Those Sneaky Zionists

In The Weekly Standard Lee Smith has a different take than the MSM on morale in Israel:

…Given the war in Lebanon and the rhetoric of Hezbollah’s Iranian patron, it is an appealing journalistic conceit to suggest that thoughts of yet another Jewish disaster can’t be too far from the minds of most Israelis right now, but that is not really how it is here.

The night before last I was at a small bar when one of the departing patrons wished the bartender, a barrel-chested guy in his mid-20s, a good night and added, “Hey man, I hope you get called up.” “Thanks,” said the bartender cheerfully, “I appreciate it.” Did he mean that he hopes you get called for reserve duty, I asked. “Yes,” the bartender explained. “Everyone really wants to do their part in what’s going on right now.”

It has been curious these last three weeks to follow the ongoing press narratives: On one hand, there is the “Israel” constructed by the media, a country divided, fearful and unsure of itself and its capacity to fight; and then there is the press version of “Lebanon,” where “disproportionate” Israeli bombing has driven all the Lebanese into the warm embrace of the Islamic resistance.

[…]

The young [Lebanese Forces] people idolize their za’im, Samir Geagea, even though, among other bloody acts, Geagea is believed responsible for the 1978 assassination of Tony Franjieh, his wife, and daughter. In contrast, My bartender, who served in Gaza last year where the Palestinian factions repeatedly used human shields, did everything possible to avoid hurting civilians, especially children. “You want to protect yourself,” he says, “but you can’t fire if you see a kid. I can’t imagine how I’d feel if I hit a kid.”

Clearly Hezbollah, like the Palestinian groups, uses human shields. We do not know precisely what happened at Qana and may never know for sure, but it is likely that we have reached a stage where the IDF believes itself damned regardless of how it regards civilian life, which makes things worse for Lebanese civilians, easier for Israeli troops, and will likely have no effect at all on the international media campaign that Israel has already lost.

And yet Israel seems to be gaining in another of the war’s psychological battles. There’s been some mention lately of Israel’s psy-ops campaign against Hezbollah: hacking into the telephone system and interrupting Al-Manar broadcasts with messages warning of Nasrallah’s impending death. But the most significant Israeli victory to date has largely been overlooked.

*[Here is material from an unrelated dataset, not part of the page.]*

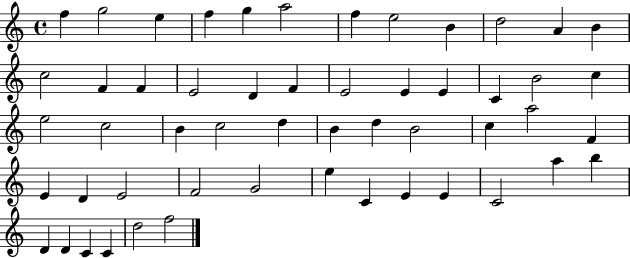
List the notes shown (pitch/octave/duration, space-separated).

F5/q G5/h E5/q F5/q G5/q A5/h F5/q E5/h B4/q D5/h A4/q B4/q C5/h F4/q F4/q E4/h D4/q F4/q E4/h E4/q E4/q C4/q B4/h C5/q E5/h C5/h B4/q C5/h D5/q B4/q D5/q B4/h C5/q A5/h F4/q E4/q D4/q E4/h F4/h G4/h E5/q C4/q E4/q E4/q C4/h A5/q B5/q D4/q D4/q C4/q C4/q D5/h F5/h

Hassan Nasrallah, the man whom large sections of the Western press claim without any evidence is more popular now than ever, has been sent underground and will not ever publicly ascend to the real world again in safety. Nasrallah will never again be able to lead a rally of thousands without knowingly endangering the lives of everyone shouting along with him. It is sadly indicative of the state of regional politics that the most charismatic Arab leader since Nasser has been, as Martin Kramer puts it, bin Ladenized… [italics added]

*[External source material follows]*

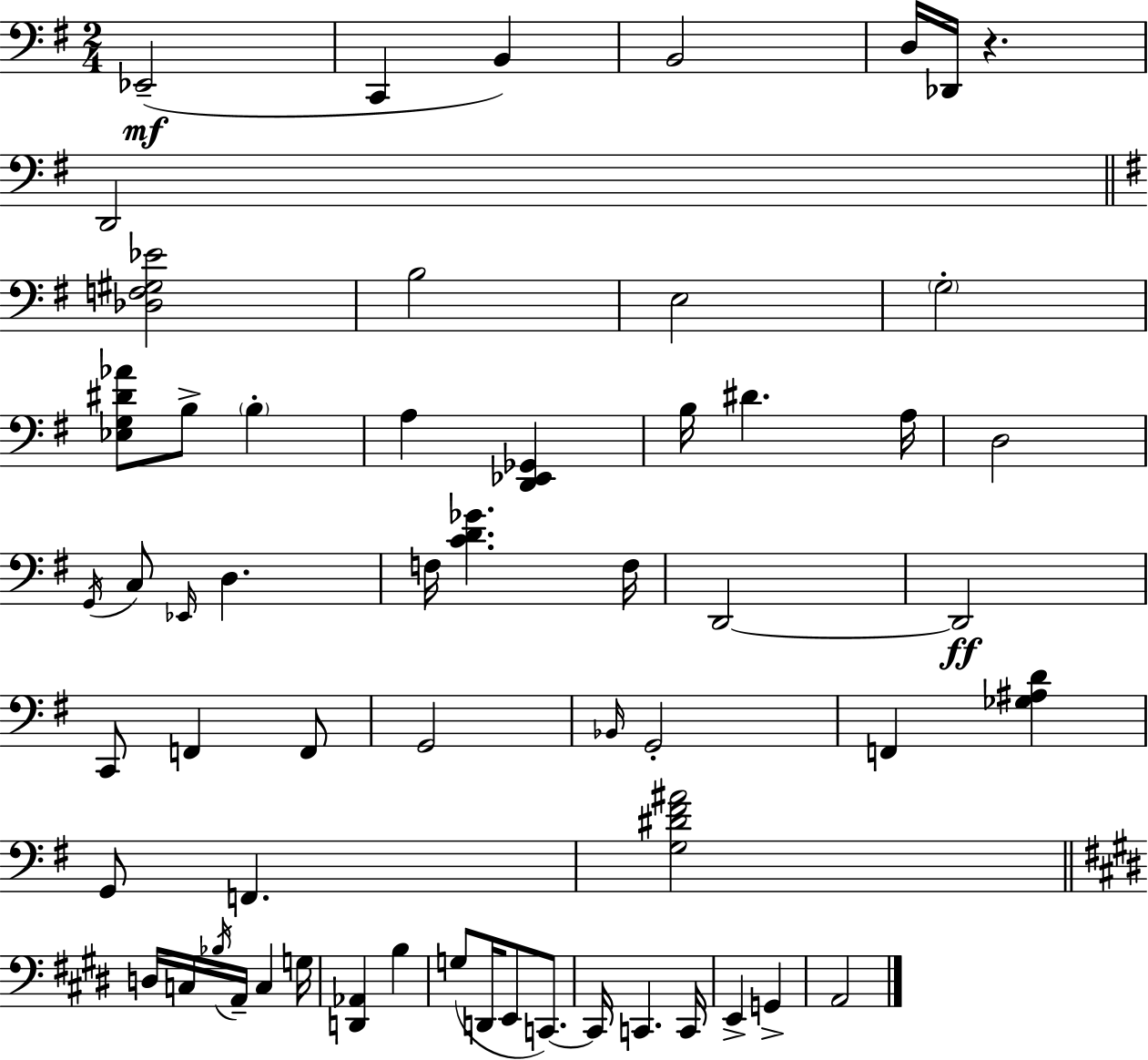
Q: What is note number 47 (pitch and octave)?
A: C2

In the noise and smoke emanating from the doctored photos of Lebanon, we are losing sight of the real war and its very real aims. Israel is not losing. Israel is a desert fox. It has not lasted this long by being predictable or soft, and in the end, I believe it will prevail.

Want to see how it turns out? Read this prediction by M. Simon. Here’s a snip:

Any encirclment north of the Litani will be a feint. The real action will be the move towards the Bekaa. When the right flank of the encirclement movement makes its left turn a blocking force will be sent up on the road to the Bekaa. The blocking force will really be the hammer. Light forces will be inserted North of Ballbeck to act as the anvil. They need only have anti-tank and light artillery. The heavy artillery will be air cover. Think Market Garden (WW2 Holland — a Bridge Too Far) without the failure. The light forces will be on the defensive. The strongest tactical position. Thus the force need not be over a regiment or two in size.

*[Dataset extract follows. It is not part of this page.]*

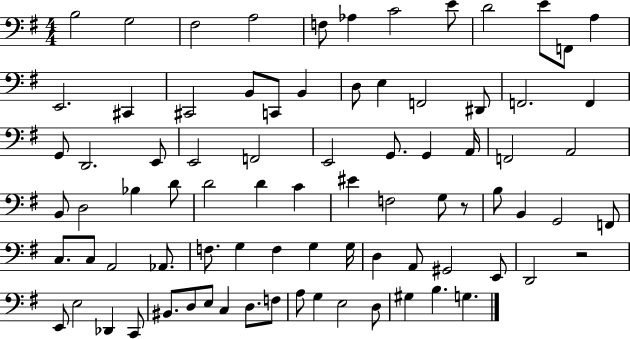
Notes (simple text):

Syria will be forced to attack (see Syria Has a Problem) they will mostly be defeated on the road. This will draw Iran in.

At the end of all this the Palestinians will be told by their Arab brothers to take what they can get and shut up. The new rule in the Middle East will be business not war.

Game, set, match.

From Simon’s pen to God’s eyes. Yes, indeedy, it does sound like a plan.

Those sneaky Zionists…

14 thoughts on “Those Sneaky Zionists

  1. May God so will it.

    Still, with so many Hez operatives going to ground–no doubt the best of all possible outcomes for both Israel and the US–the Hez will focus on the one segment of its business plan to which it remains ideally suited, drug running and smuggling. Is there any chance that this de facto de-regulation of the hash market will bring prices down and up the quality of Lebanese Blonde? Just checking, for when Depeche Mode reschedules its Tel Aviv show.

  2. Theres enough feeble peaceniks in both the Israeli and US governments to press for stopping with a job half done (which could be worse than ever), but the MSM crying wolf may have inadvertently freed Israels hand to finish the bloody business of the day. The botched attempts at propaganda by Reuters have really backfired and cast doubt on any anti-Israeli scoops, including legit ones.

    On the other hand, as has been pointed out elsewhere, the Israeli penetration into Lebanon is also very very very shallow – 10km or so. Now thats no solution, but it’d be kinda interesting to know how much blood Hezbollah is shedding contesting the ground.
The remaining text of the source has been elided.